With growing impatience, the announced easing is now expected on all sides. Yesterday, Sunday, I fetched a Bing Crosby song from the Internet that I was very enthusiastic about during the occupation: “Don't fence me in” - don't lock me up.
April 21, 2020
Without exception, all of Söder and Reiter's visibly wistfully announced end for the Munich world symbol, which is called Wiesn and is much more than just great fun, hurts a lot. Epidemics and wars have already prevented this Oktoberfest several times, but now many citizens and those affected had hoped for a miracle up to the hour: that they and the rest of the world would experience all the misery, frustration and fear of the last few months at the largest festival in the world but still be able to “obischwoam” that they can celebrate a new courage to live like the dancing shepherds once did after the plague.
April 27, 2020
Haidhausen has always been the district with many small houses, small people and small shops. The former, the hostels left over from the war and reconstruction, really look like backdrops from the past now that there are no cars and hardly any people in sight. The latter, the stores that have been reopened today, reveal what has recently been called the “new normal”.
From now on it will be normal to wait in front of shops until you are let in - of course only with a mouth guard. Because only one customer is allowed to stay on a floor space of 20 square meters. The business owner faces a fine of up to 5000 euros if he does not pay attention to the corresponding distances. And the customer should pay 150 euros if he does not have at least a scarf tied in front of his face on public transport. It can get complicated.
In any case, Friederike Wagner from the “Buchpalast” in Kirchenstrasse is delighted that she no longer has to deliver her books herself. For six and a half weeks, she brought ordered titles to her customers and rang the doorbell, as agreed by phone or email. What kind of books were in demand? "Some wanted to displace Corona through entertainment, but many asked for extra relevant literature," says the bookseller. Albert Camus' “The Plague” is currently out of print. The “Buchpalast” - an ironically exaggerated company name - will have to do without the popular readings for the time being.
The no less popular Haidhausen Museum on Kirchenstrasse remains closed, while the cemetery a little further up can be visited. Right at the entrance, overgrown with ivy, two memorial stones for the 3,246 dead of the two cholera waves that hit this suburb in particular in the 19th century, and a third memorial with an inscription from 1984: “Before epidemics, war and catastrophes , O Lord, protect us from the destruction of the environment, from unbelief and spiritual confusion. "
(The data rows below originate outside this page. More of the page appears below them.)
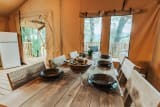 Tente Lodge Prestige Plus 2 Ch - 5 Pers - La Clémentine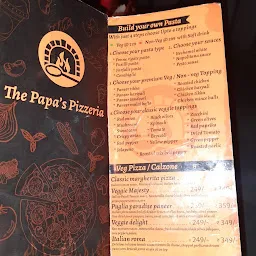 The Papa’s Pizzeria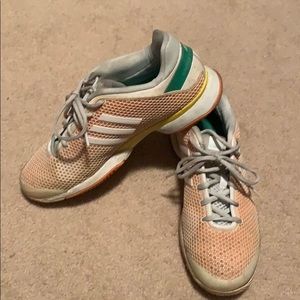 Adidas Stella McCartney tennis sneakers size 8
My hairdresser Martin is also not allowed to open again yet. He also doesn't like at all. "I do not work. I am renovating. I have respect, ”he wrote defiantly on the door. There are also regulations on how they should apply to the reopening, which is expected in May: customers and hairdressers only wear a mask. Shaving, eyelash tinting and beard grooming are not allowed for the time being. Markings for the "individual movement areas". No newspapers. Disinfection after each visit. The hair stylist vis-à-vis seems to be getting along with the requirements. “Don't panic”, he placard, and he is also looking for “models”.
The Haidhausen-Au district committee still has the invitation to the citizens' meeting that never took place. It would have been more about trivialities such as the traffic light regulation and the purchase of a shovel for the daycare center that has been closed for six weeks. The BA members also took care of the catering in the quarter, for example an extension of the blocking period and the expansion of a bar area. The neighboring Escobar still asks the - no longer present - guests “to stop being so loud after 11 p.m.” Problems that have been pushed aside by a bigger problem.
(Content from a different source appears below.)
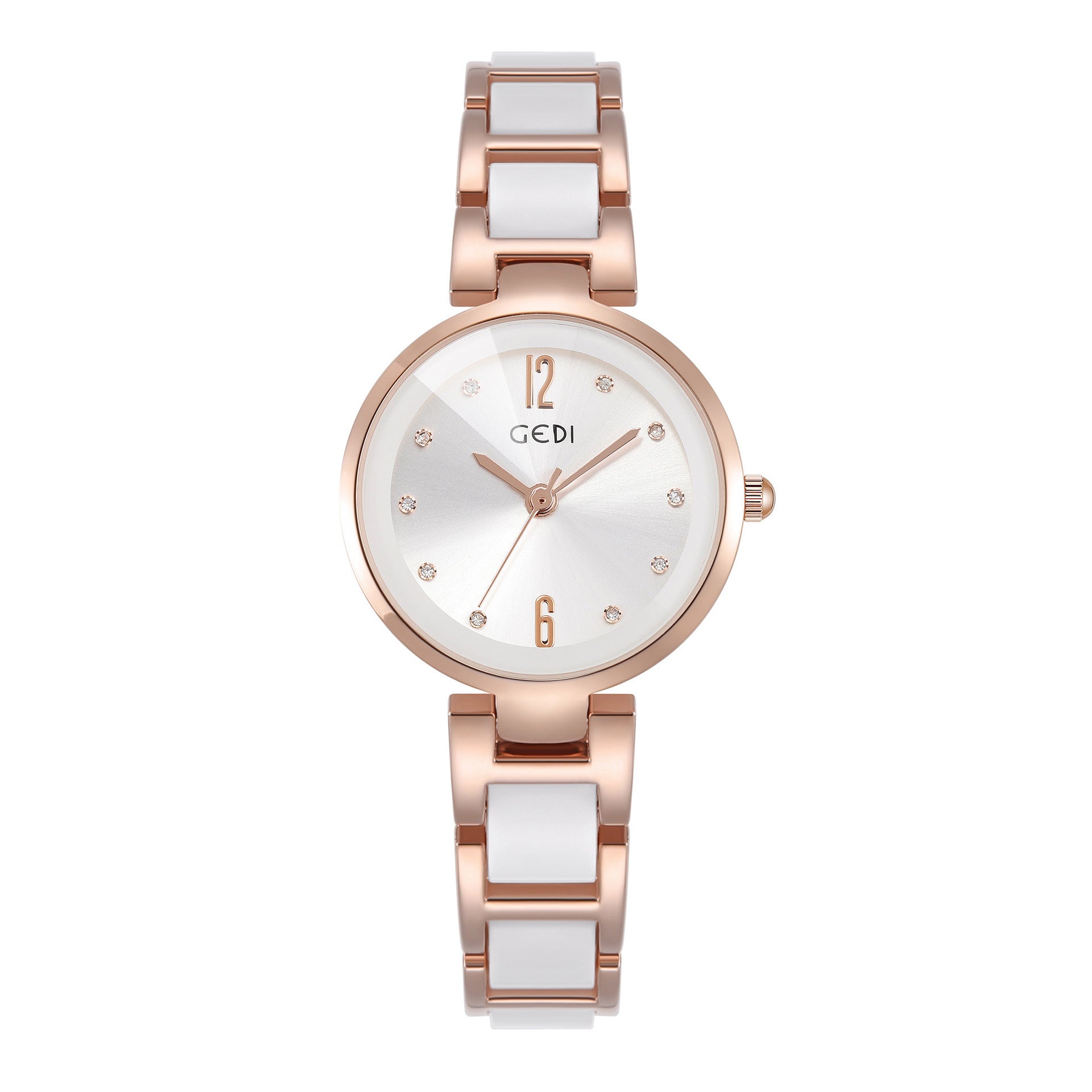 Women’s Waterproof Quartz Watch – Simple Elegant Fashion Timepiece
The business and lounges of the street newspaper BISS are quiet. The last issue that targeted racism is no longer sold. And the memorial service for a seller was canceled. “But all of our people are stable, they keep getting their small salary,” says managing director Karin Lohr outside on the inanimate street. And all the other “citizens in social difficulties” (abbreviated: BISS), the hundreds of homeless people in Munich? "They're doing badly."
New normal also on Wiener Platz. All kiosks are still closed, they are not small shops, but gastronomic establishments. But the Hofbräukeller has opened its iron gate, although All tables and chairs in the beer garden have been cleared away. More than half a century connects me with this Bierburg. In 1944, military doctors examined us high school students to see whether they were fit for war. Soon after the end of the war, the US occupiers arranged the first pop concerts for young people in Munich in the same still intact ballroom. It seemed to us like a final act of liberation after a long gagging.
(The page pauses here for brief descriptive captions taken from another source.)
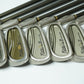Taylormade Burner OS Irons / 5-PW / Regular Flex Steel Shafts / New Grips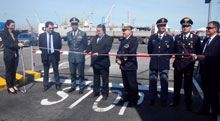 Livorno, aperto il varco Zara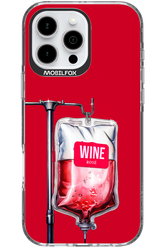Sos Wine - Apple iPhone 16 Pro Max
Then I sat there for many summers with my spies under the chestnuts, we had fun with the old woman with the bread basket and the same saying: “Fresh pretzels, nice gentleman.” Until recently, a dance hall lured deep down in the cellar With an exotic name and nostalgic melodies, and one floor below the best Karl Valentin troupe in Bavaria played the Knight Unkenstein and other pieces in delicious new versions.
Besides the memory, what will remain of all of this? Friedrich Steinberg, the landlord, has long been planning for a season that may soon be possible. Unchanged good service with strict hygiene, distance and staff shortages - that should determine the business policy. Steinberg calculates that a third of the current staff, 95 employees, would "break away" and almost half of the 800 seats in the beer garden. After all, the brewery, the state-owned Hofbräu, has generously switched from a fixed to a sales lease, with HB currently selling 40 percent less beer on the German market and almost nothing in other countries.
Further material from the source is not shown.